Dorian shook the signal reverb out of his skull and flapped his eyelids to clear both the p2p line and his thoughts. He didn’t know whether Ray had noticed his brief waver of attention, of if he would care even if he had. When Amara finished speaking, he took advantage of the pause to switch topics.

“Since we’re talking about trust and to get back to the topic at hand: do you really think my word is going to be enough to quell anyone’s doubts? Most of your people know that I’ve been hard at work in the Heavy Systems Tech Lab extracting Raville’s tarball.
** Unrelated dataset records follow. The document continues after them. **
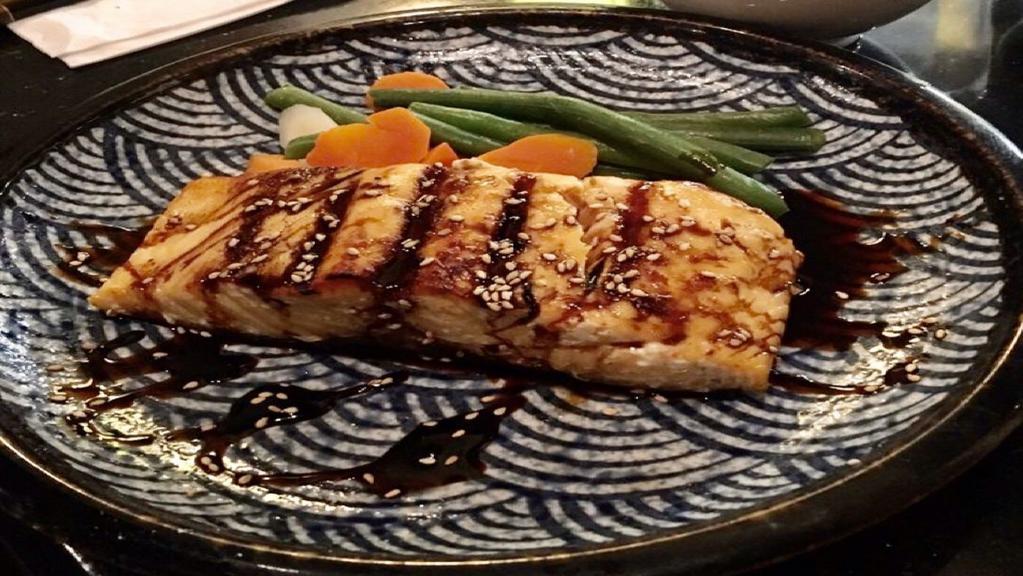 Salmon Teriyaki · Grilled salmon steak come with miso soup, steamed rice, broccoli & carrot , teriyaki sauce.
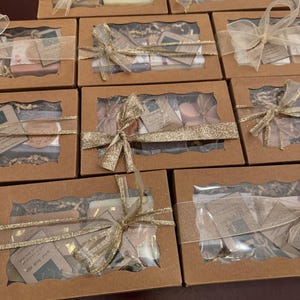 May include: Several brown cardboard boxes with clear window tops are arranged in a group. Each box is tied with a gold ribbon. The boxes contain various items, including soaps and small cards. The overall theme is gift sets.
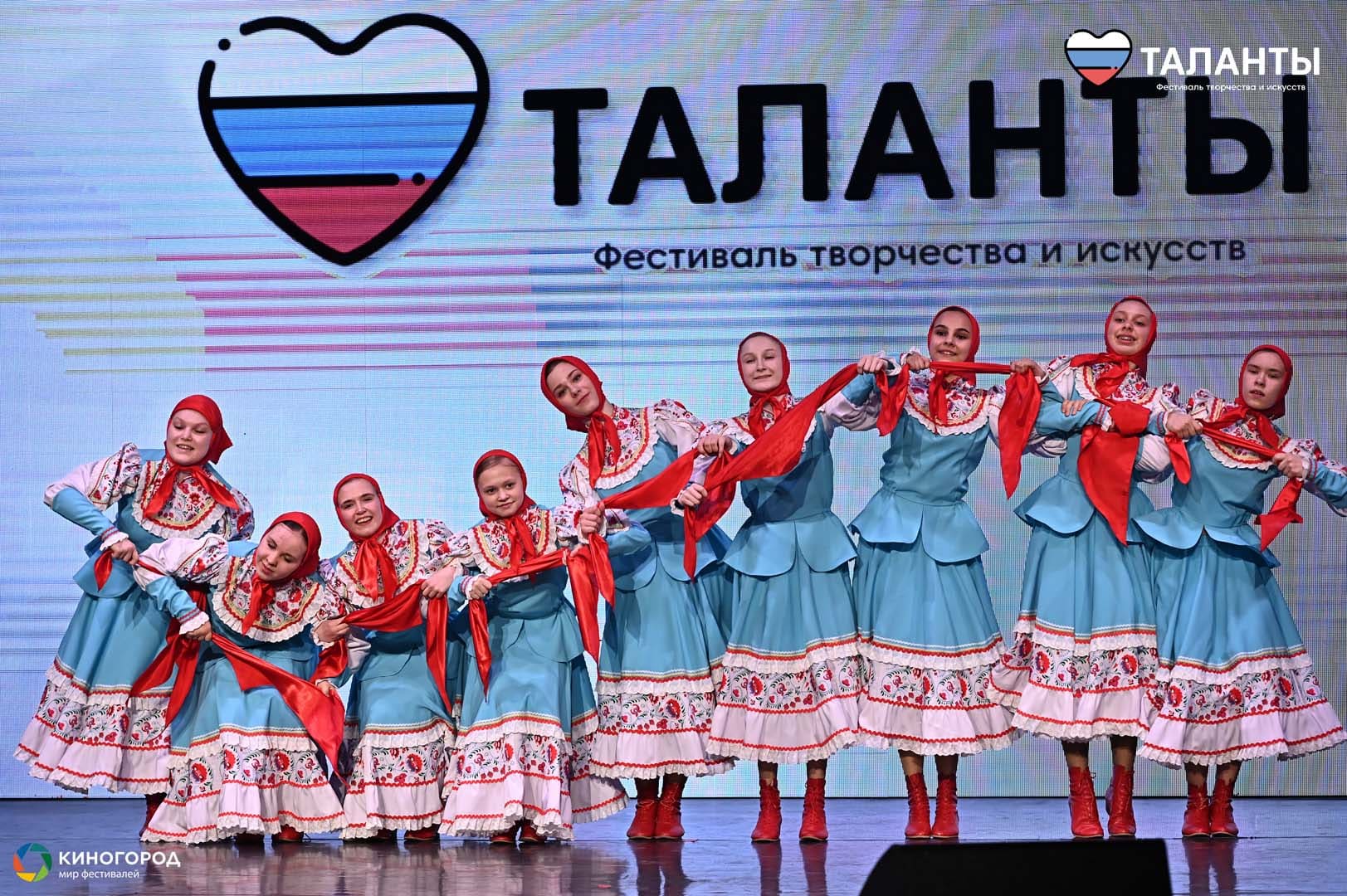 Танцевальный коллектив в голубых народных костюмах с красными платками на фестивале «Таланты»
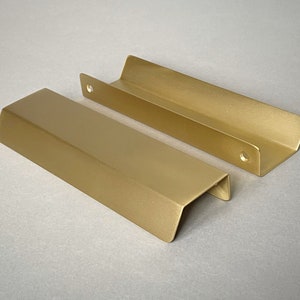 May include: Two gold metal drawer pulls with a rectangular shape and a slight curve at the top. The pulls have a brushed finish.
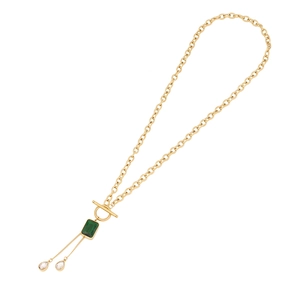 Golden T-bar necklace with a green rectangular gemstone and clear teardrop crystal tassels
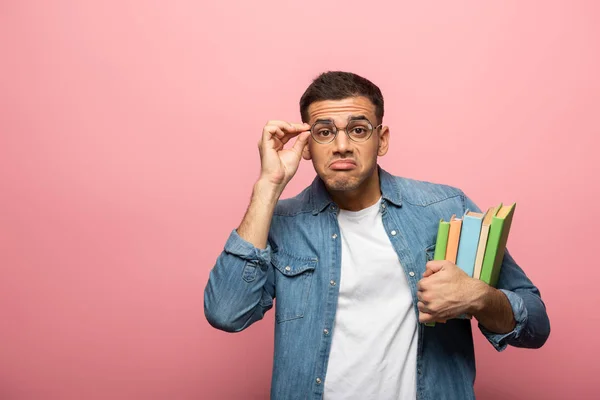 Young man grimacing while adjusting eyeglasses and holding books on pink background — Stock Photo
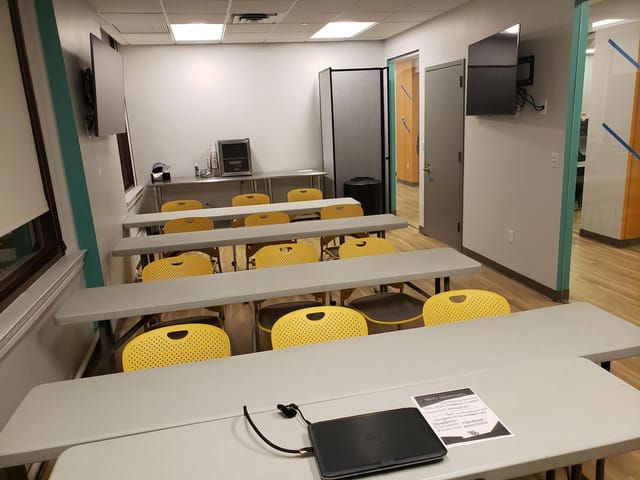 NYC conference center workshop room with yellow chairs, ideal for training sessions.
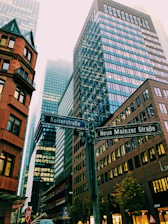 road sign in front of high-rise buildings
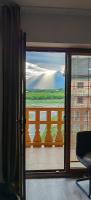 a door to a balcony with a view of a mountain at Apartment FIMM in Veľká Lomnica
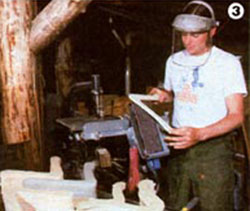 Eric smooths the surfaces of a batch of their standard-design boomerangs that they make.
Some of them are savvy enough to figure out ways I might tunnel from a sub-datacore to the main repository and implant spoof jars at the nodes. I don’t think my word is going to count for much.”

“Some of them will continue to doubt,” Ray allowed, unperturbed. “Whether or not they choose to believe is a matter of individual conscience. I just want to give them a legitimate chance at it without being undermined by all the possible tech solutions.”

“At the same time,” Amara said, “we should be patient with those who will seek other explanations. Some will have difficulty accepting what they have learned. Humans encounter so little raw truth in their lives. It isn’t surprising that they wouldn’t know what to do with it when they do find it.”

“Indeed,” Ray agreed. “However, most initial skepticism should be allayed by Ghast’s participation in the extraction process. It would be mightily difficult to jack our network under normal circumstances. Jacking it with Ghast looking over your shoulder is nigh to impossible. He has the credibility here that your analysis alone would lack, Dorian.”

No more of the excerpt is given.